News Release

American Thoracic Society news tips for July 2000

Peer-Reviewed Publication

American Thoracic Society

Higher rate of hospitalization associated with occupational asthma

For the first time, Canadian researchers have shown that workers with occupational asthma are at higher risk for hospitalization, mostly from respiratory disease and asthma, than are other employees who suffered musculoskeletal injury. Using data from 1980 to 1993 from the Ontario Workers Compensation Board, investigators studied 844 workers with occupational asthma,1,556 musculoskeletal injury victims, and 402 asthma patients from an outpatient clinic. They found the rate for hospitalization for all causes was slightly over 39 percent for occupational asthma patients, while it slightly exceeded 29 percent for injury claimants, with asthma clinic patients at 47 percent. The asthma clinic patients were admitted to the hospital for respiratory disease nearly twice as often as those with occupational asthma. The study appears in the July American Journal of Respiratory and Critical Care Medicine.

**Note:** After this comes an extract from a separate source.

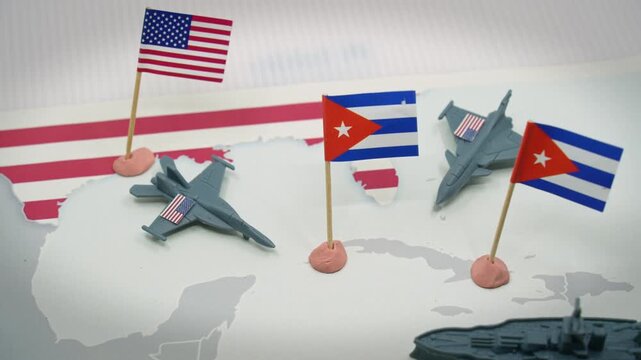 Conceptual representation of the diplomatic crisis and military tensions between the United States and Cuba, with flags, fighter jets, and an aircraft carrier symbolizing the threat of war
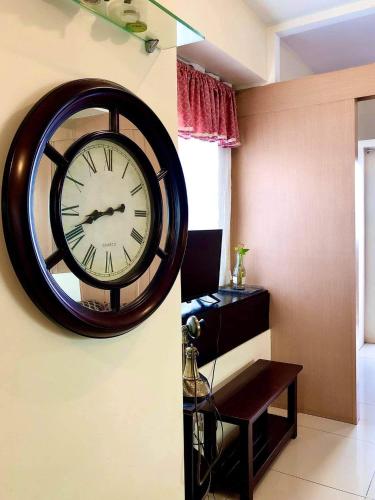 a large clock on the wall in a room at JT Tagaytay Suites in Tagaytay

High rate of clinically silent acid reflux uncovered in asthma

Sixteen of 26 asthma patients, without gastrointestinal reflux symptoms, showed abnormal esophageal acid levels when tested over a 24-hour period. (Acid reflux is a backflow of stomach contents upwards into the esophagus.) The researchers said that the high prevalence (62 percent) in these patients with clinically silent reflux showed that the problem may be commonly associated with asthma. Research has disclosed that identifying and treating reflux, regardless of symptoms, improved asthma control. The 30 clinic patient controls with reflux symptoms had more severe asthma that did those with no symptoms, but the latter had higher amounts of acid in the esophagus. The investigators commented that the role of acid reflux in asthma is very complex and not understood at this time. Their research appears in the July issue of the American Journal of Respiratory and Critical Care Medicine.

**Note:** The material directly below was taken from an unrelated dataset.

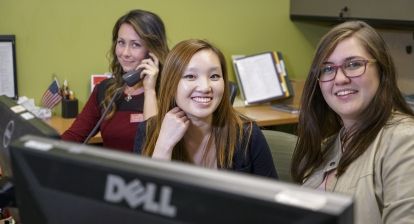 Three smiling student employees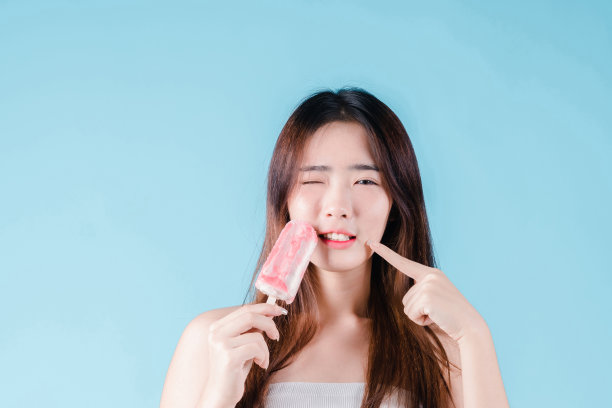 拿着冰棒的亚洲女性在蓝色背景上有一个敏感的牙齿图片下载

Diesel exhaust particles cause airway inflammation

In the first published study of the isolated effects of controlled exposure to tiny diesel exhaust particles in humans, researchers found inhalation of particulate matter caused an inflammatory response in the volunteers. They measured increases in neutrophils (large white blood cells that ingest antigens) in the sputum of eight of the 10 subjects, plus an increased level of hemoprotein, and higher exhaled carbon monoxide levels indicating oxidant stress, following a two-hour exposure to the tiny particles in a test chamber. The participants had no changes in cardiovascular parameters or in lung function. Although the study volunteers did not complain of any adverse effects or symptoms from the exposure, the investigators believe the study gives direct evidence of the important role for diesel exhaust particles in provoking inflammatory response. The research appears in the July issue of the American Journal of Respiratory and Critical Care Medicine.